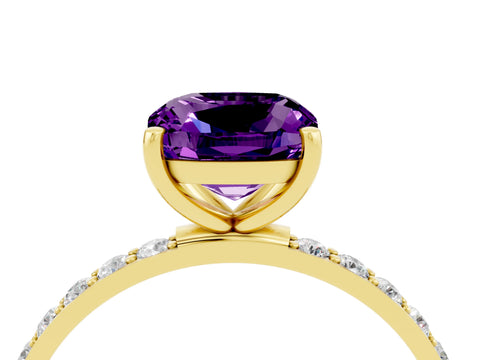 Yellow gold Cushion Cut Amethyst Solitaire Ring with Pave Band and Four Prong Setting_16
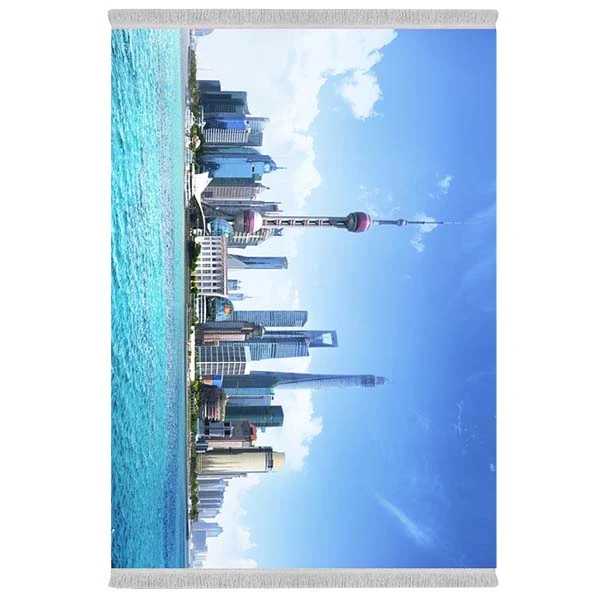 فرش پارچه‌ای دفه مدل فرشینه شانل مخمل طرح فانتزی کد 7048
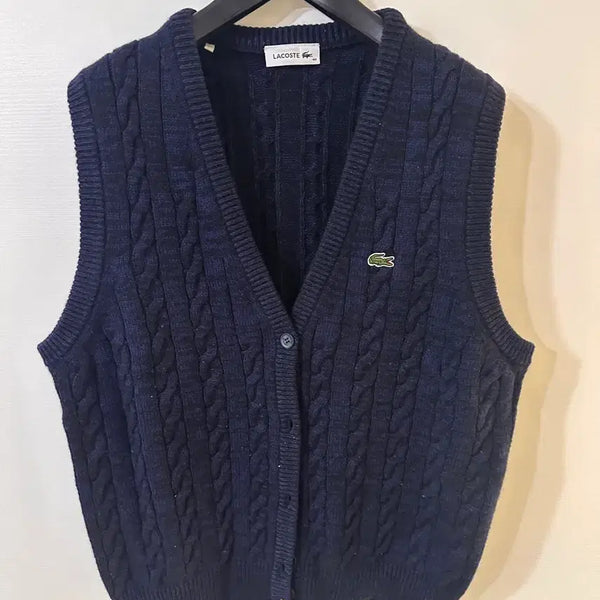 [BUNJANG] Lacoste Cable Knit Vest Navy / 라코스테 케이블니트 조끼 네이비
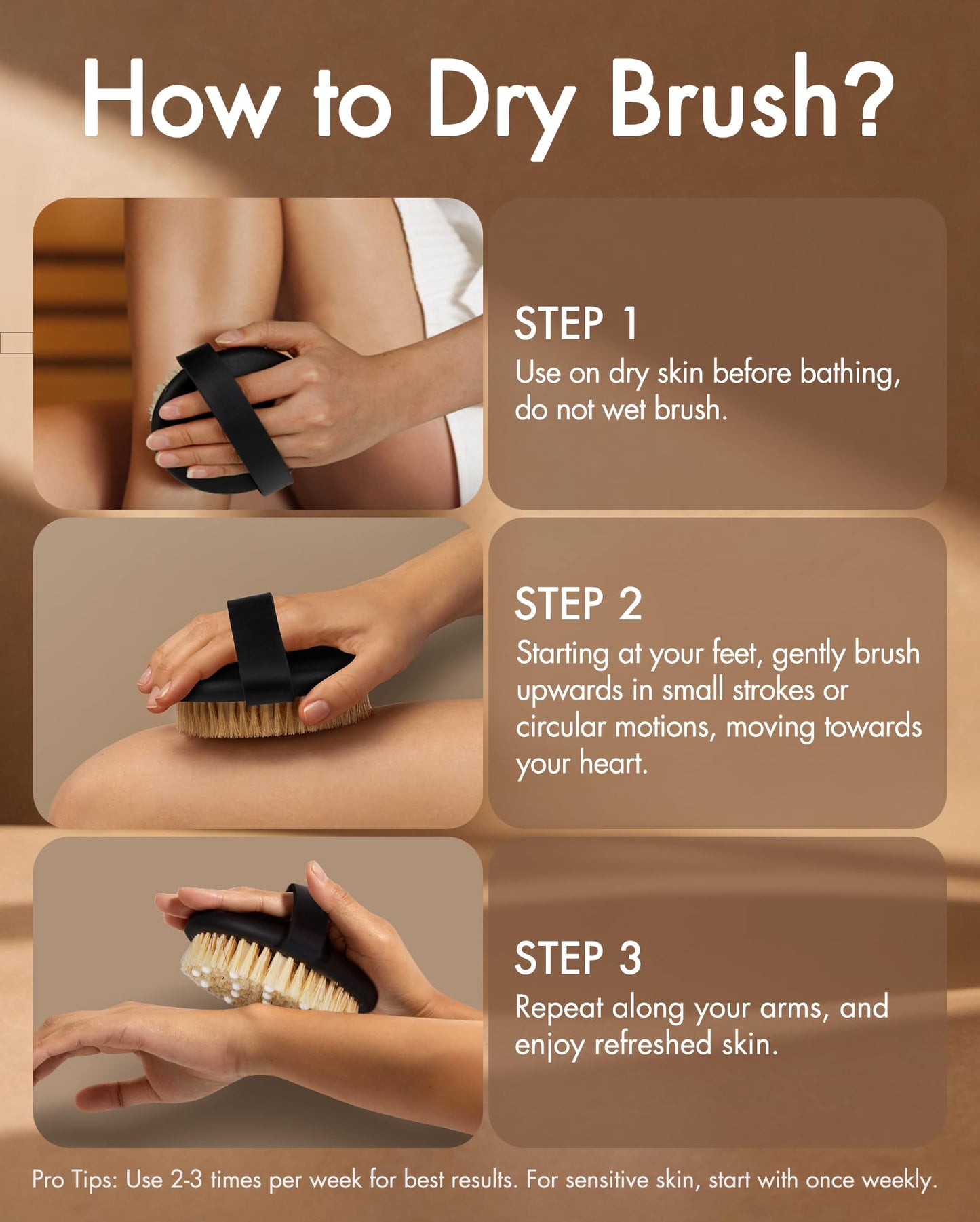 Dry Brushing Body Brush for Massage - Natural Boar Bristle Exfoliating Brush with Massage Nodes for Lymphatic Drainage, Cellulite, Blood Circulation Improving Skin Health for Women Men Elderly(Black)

○ ○ ○

WHAT YOU ARE ASKED TO DO. Copy out the listing above in full and keep the pictures out.

PROBLEM SOLUTION.
 Yellow gold Cushion Cut Amethyst Solitaire Ring with Pave Band and Four Prong Setting_16
 فرش پارچه‌ای دفه مدل فرشینه شانل مخمل طرح فانتزی کد 7048
 [BUNJANG] Lacoste Cable Knit Vest Navy / 라코스테 케이블니트 조끼 네이비
 Dry Brushing Body Brush for Massage - Natural Boar Bristle Exfoliating Brush with Massage Nodes for Lymphatic Drainage, Cellulite, Blood Circulation Improving Skin Health for Women Men Elderly(Black)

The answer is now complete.